---- DATASET EXTRACT

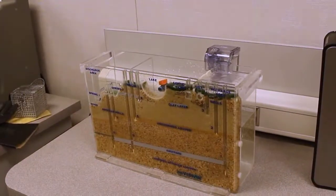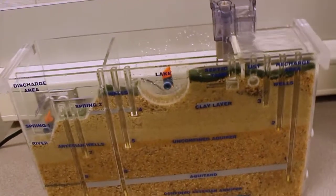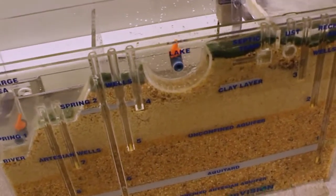They can transfer that information to their science classroom, and it's a perfect fit. Generating questions, collecting data, analyzing data, communicating results — all of these things are part of any good science classroom.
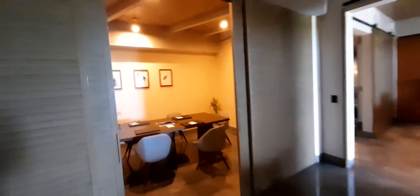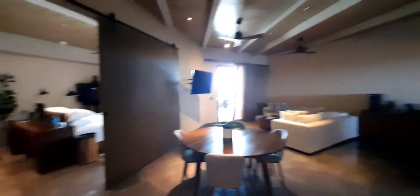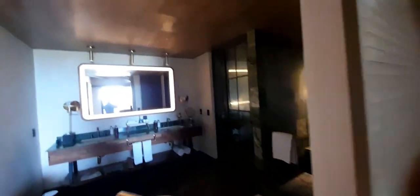This over here does have a little boardroom table — this can be converted into a getting ready room. You have a massive living room lounge area. The bedroom is closed off. There's two bathrooms in here, so once again, perfect for getting ready.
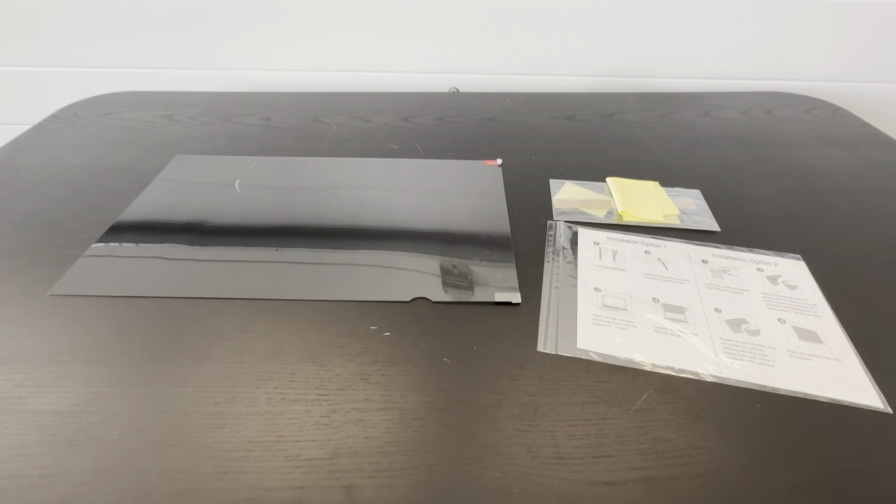Definitely check this out if you're looking for a privacy or anti-glare screen protector. I think this is a great one.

--------

Find the line containing "This over here" in the listing above. Restate it and every line after it, word for word, through the final line, leaving out the pictures.

This over here does have a little boardroom table — this can be converted into a getting ready room. You have a massive living room lounge area. The bedroom is closed off. There's two bathrooms in here, so once again, perfect for getting ready.
Definitely check this out if you're looking for a privacy or anti-glare screen protector. I think this is a great one.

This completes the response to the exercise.